On Sun, 14 Feb 2021, Dmitry Selyutin wrote:
The first patch introduces a set of routines which any platform which
wants to support atomics must implement. I don't quite like that
there's a lot of code duplication, but I haven't come up with a good
idea on how to avoid it (I've been thinking of some trick with weak
functions, though). I'm also not sure of ST_STATIC specifier; any tips
regarding its usage are highly appreciated. I added it as I saw it's
used in the code around; perhaps this is not required, so I can make
the routines weak by default?
The second patch adjusts tokenizer and generator appropriately, and
also fixes some minor issues. From now on, the count of tokens matches
count of atomic routines, and calls platform-specific code instead of
calling usual functions. I'd like to keep this approach in order to
make the code a bit more flexible. This is not for speed but, rather,
for being able to tune per-platform code in the future. I'm totally
open for the discussion.
The third patch extends x86_64 code generator to generate code from
the binary buffers, not byte-by-byte, as with g() routine. This
functionality will be used in the ultimate patch, if it gets accepted.
The last patch is the implementation for x86_64. This patch is likely
a controversial one. I tried to make the code somewhat generic to
different argument sizes, at the same time making it look like a
function call. It's also caused by the fact that I checked the code
generated by gcc for cases when usual stdatomic routines are wrapped
into simple routines. I'm pretty sure a lot there can be improved;
perhaps many of you will find the approach to be unorthodox to some
degree. This is just the idea; I'm totally open for discussion.

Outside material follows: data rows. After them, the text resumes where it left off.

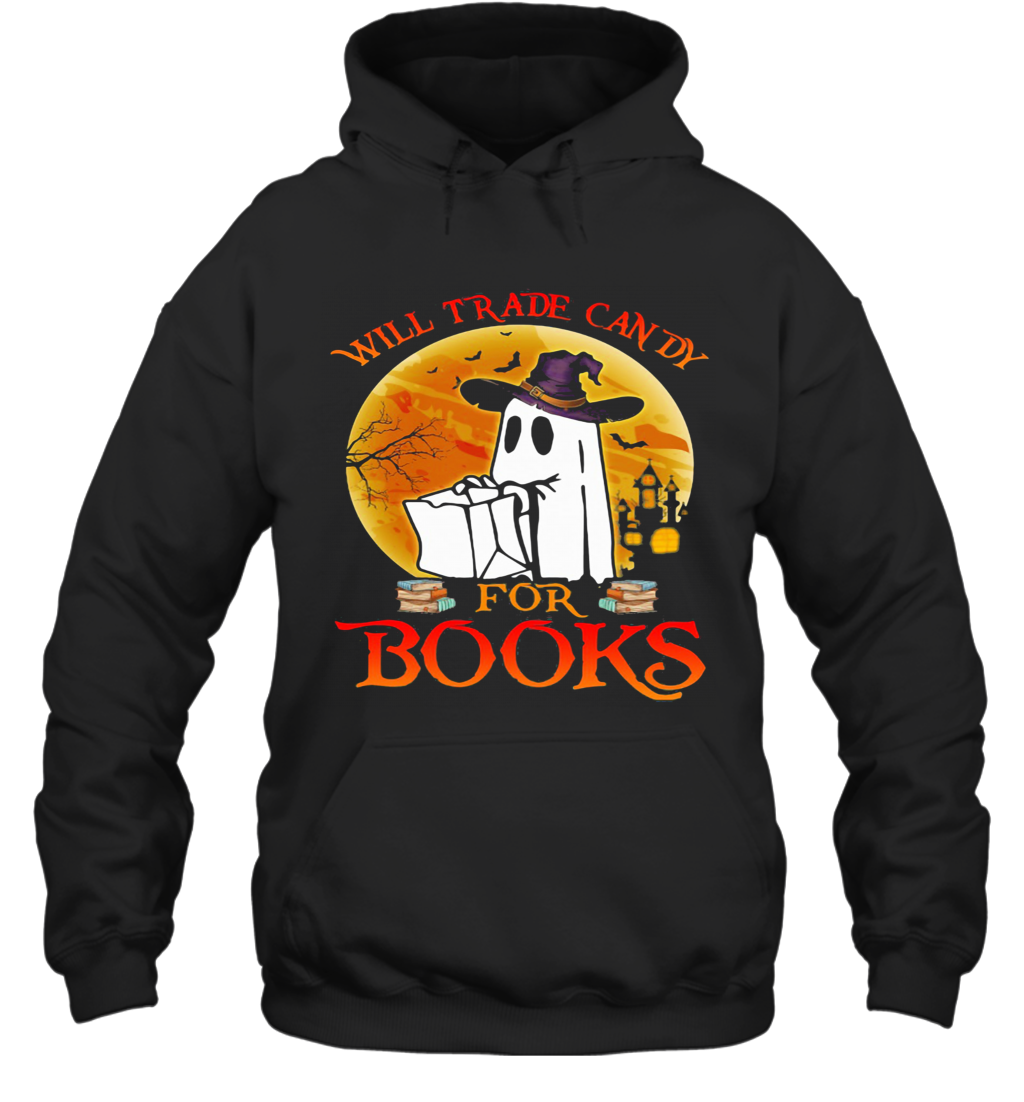 Halloween Boos Will Trade Candy For Books Moon T-Shirt Unisex Hoodie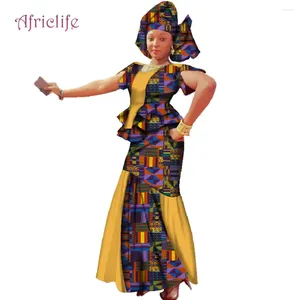 Etnische Kleding Headwrap Top Rok 3 Delige Set Dashiki Vrouwen Jurk Afrikaanse Wax Print Patchwork Kleding Dame Katoen Vrouwelijke WY2431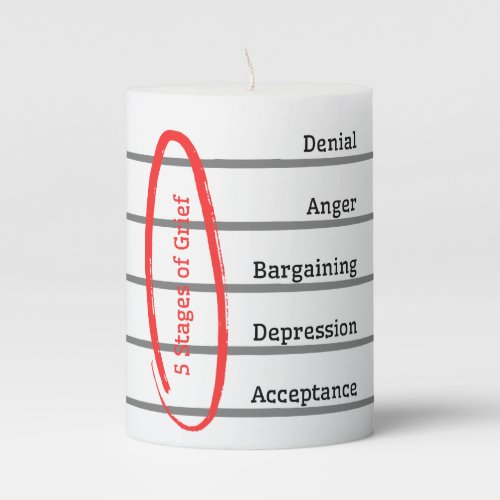 5 stages of Grief Unscented Candle 40 hours II Pillar Candle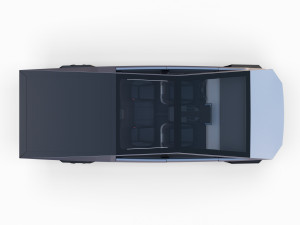 tesla cybertruck with chassis and interior Modello 3D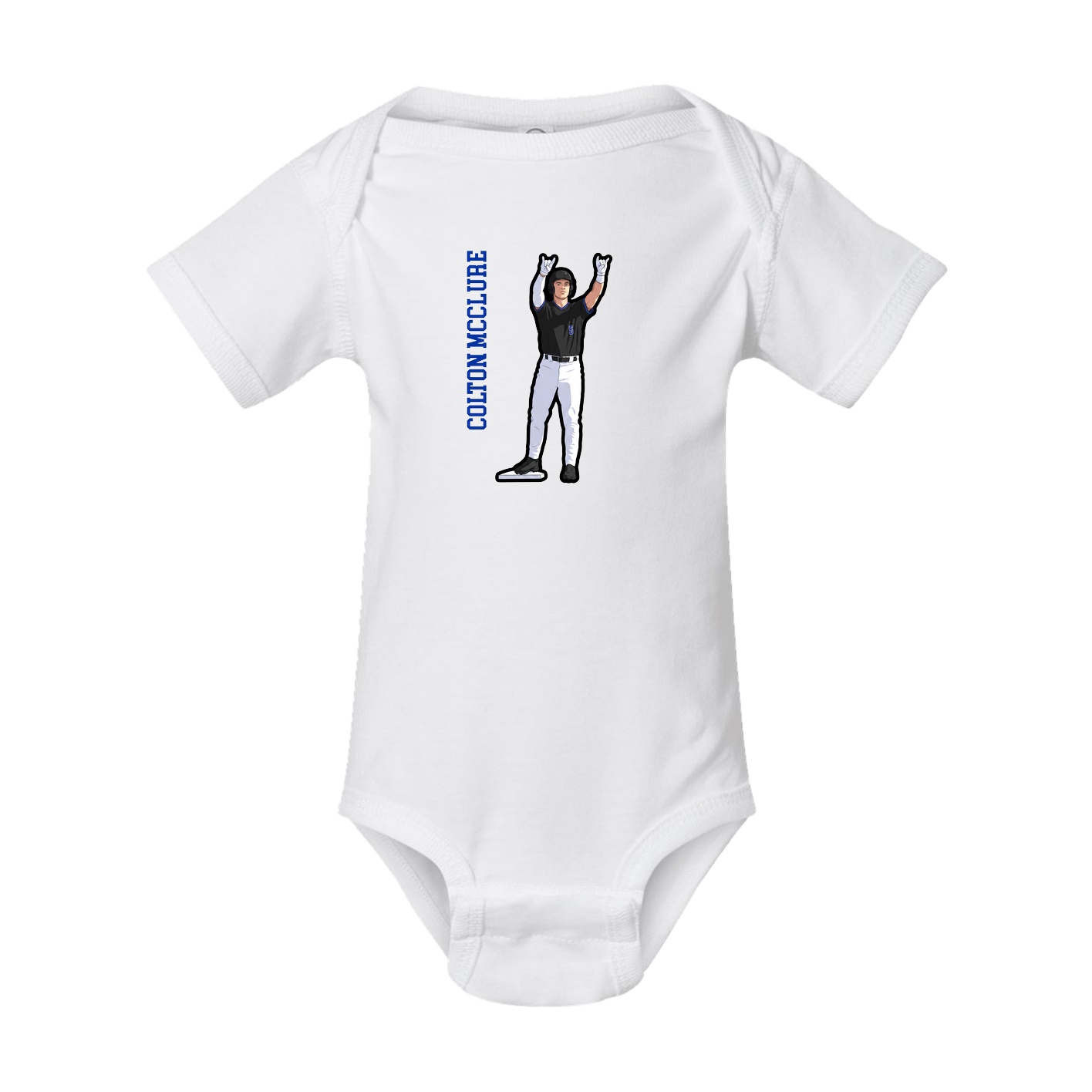 Baby Onesie — Name Vertical in White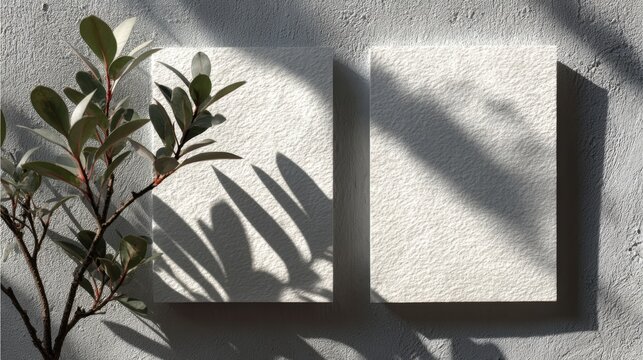 Two vertical white paper sheets on gray background with exotic plant shadows creating a simple natural presentation for stationery mockups in high quality horizontal realistic design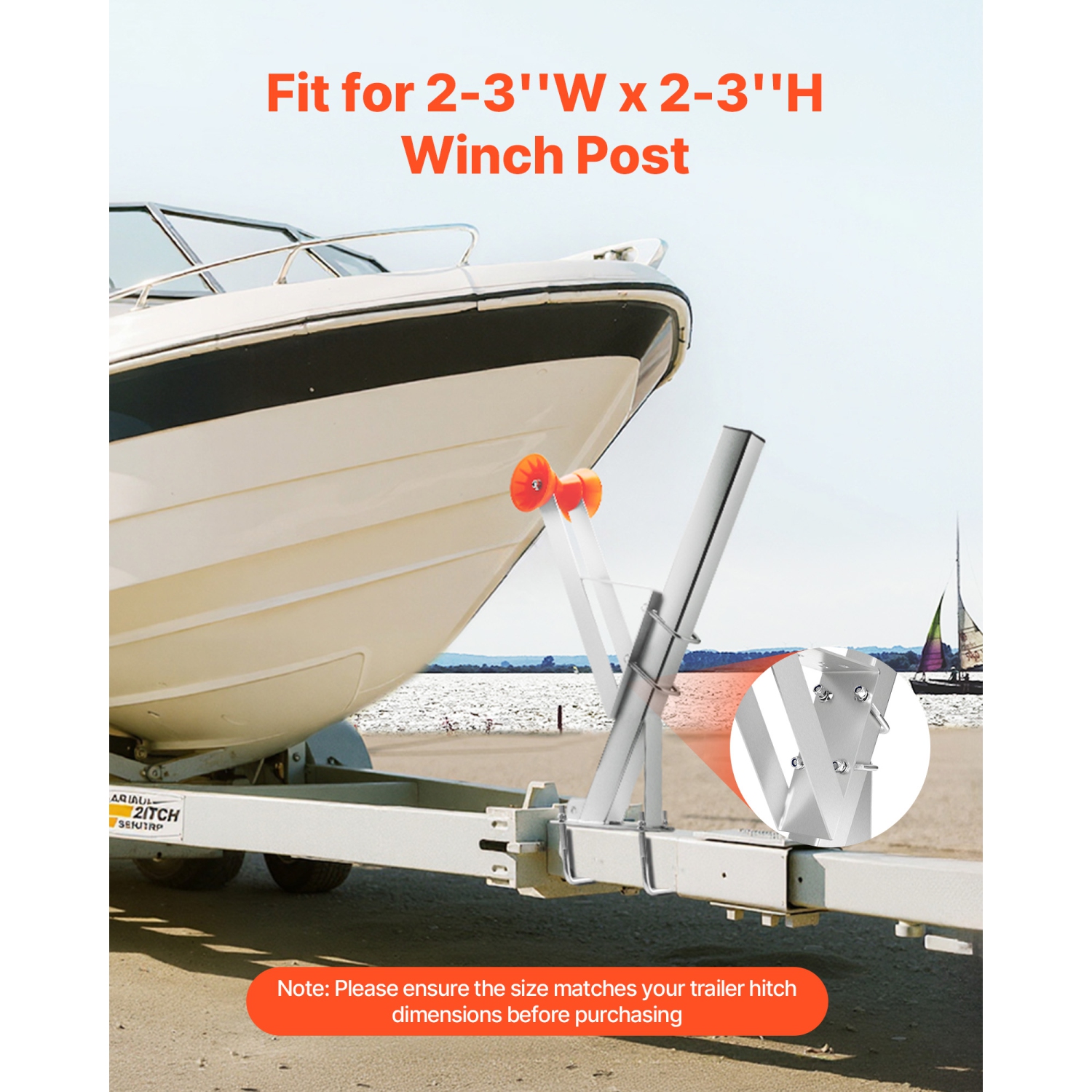VEVOR Boat Trailer Winch Stand, 2 to 3-inch Winch Posts, Boat Trailer Winch Seat with TPU Orange Roller & U-Bolts, Suitable for Jet Ski, Sailboat,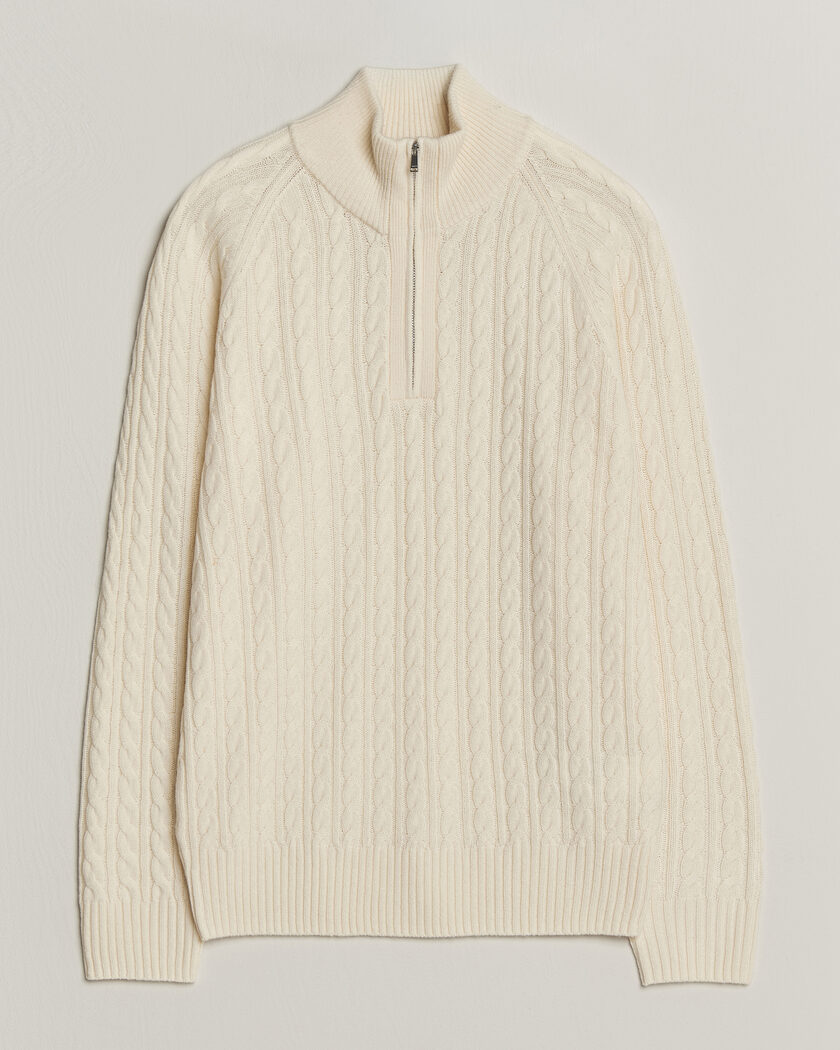BOSS BLACK Furore Wool/Cashmere Cable Half Zip Open White – Hvid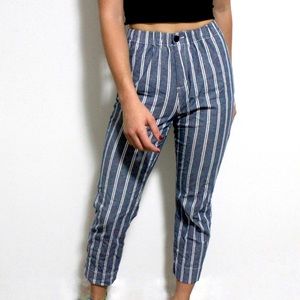 Blue and white striped pants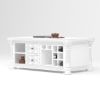 Picture of Amesbury Hand Carved Solid Wood Coffee Table with Storage & Wine Rack
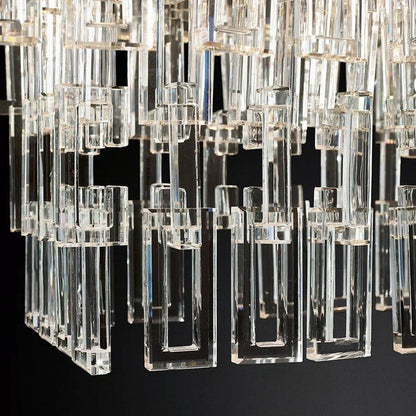 Marigan Tier K9 Crystal Rectangle Chandelier-Nobipets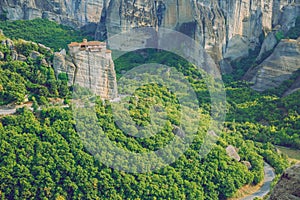 City Meteora, Greek Republic. Mountains and places of worship, church and shrines. 12. Sep. 2019. Travel photo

So, I think you want to iterate a bit on this to find some tiny ways :)
Some ideas:
* For the unimplemented targets: e.g. introduce a define that a target
sets, define erroring fallbacks (or empty macros or suchlike) if the
macro isn't set (see e.g. CONFIG_TCC_ASM in tccgen.c).
* commonize the routines: there is no reason why you need four routines
for four basic arithmetic operations, if gen_op() supports all
arithmetic operations. I.e. make it an argument to a single routine.
* The atomic routines itself: like others I suggest doing normal calls to
library routines. TCC is _not_ about fastest code.
* For the routines you do want to inline, the use of opcode bytes: nah,
that can be done in a nicer way. Think about the very core that you
need: you will find it's the locked cmpxchg loop and the xchg insn
itself. Both have the property that they are very similar to stores
(including the fact that they have a size),
they just happen to leave something interesting in the register operand.
I.e. it would be natural to just extend the 'store' routine to be able
to emit (lock cmp)xchg instead of the store opcode.
That will give you the possiblity to accept arbitrary registers instead
of having to hard-code ax/si/di, obviating the need for the
prologue/epilogue routines.
For that you also probably want to use the existing helpers orex and
gen_modrm(64) from x86_64-gen.c . After some fiddling you will probably
find that _not_ hardcoding specific registers is actually going to be
easier.
* In a similar vain: your atomic load/store routines: these are simply
load/store themself again.